- Born: December 17, 1872 Toledo, Ohio, US
- Died: April 11, 1928 (aged 55) San Diego, California
- Military career
- Allegiance: United States of America
- Branch: United States Navy
- Rank: Chief Machinist
- Unit: USS Newark
- Conflicts: Boxer Rebellion
- Awards: Medal of Honor

= Burke Hanford =

United States Navy Medal of Honor recipient

Burke Gaius Hanford (December 17, 1872 – April 11, 1928) was an American sailor serving in the United States Navy during the Boxer Rebellion who received the Medal of Honor for bravery.

==Biography==
Hanford was born December 17, 1872, in Toledo, Ohio, and after entering the navy he was sent as a Machinist First Class to China to fight in the Boxer Rebellion.

He died April 11, 1928, and is buried in Greenwood Memorial Park in San Diego.

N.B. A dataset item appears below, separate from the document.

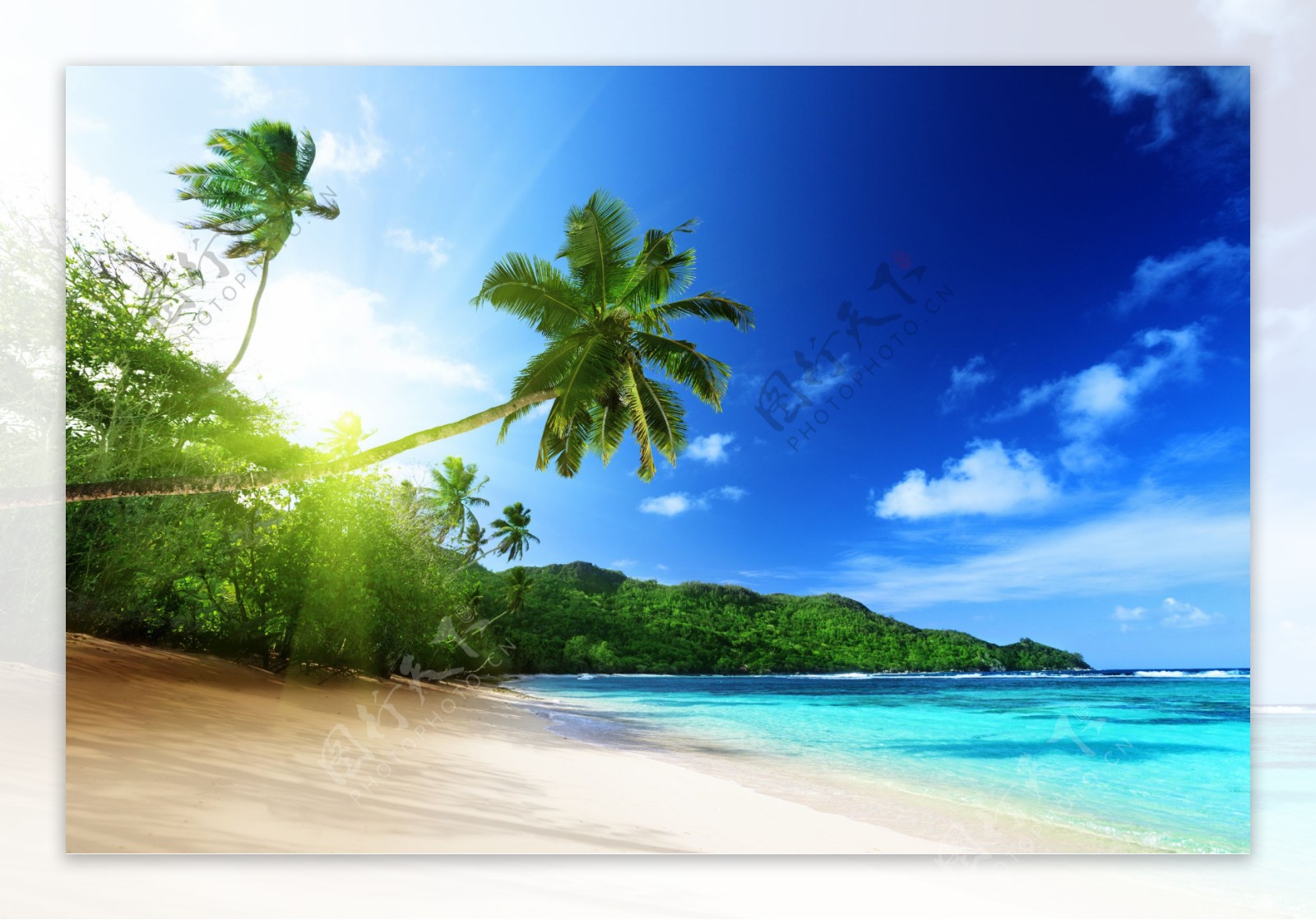 海边沙滩椰树和阳光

==Medal of Honor citation==
Rank and organization: Machinist First Class, U.S. Navy. Born: 17 December 1872, Toledo, Ohio. Accredited to: Ohio. G.O. No.: 55, 19 July 1901.

Citation:

Served with the relief expedition of the Allied forces in China on 13, 20, 21 and 22 June 1900. In the presence of the enemy during this period, Hanford distinguished himself by meritorious conduct.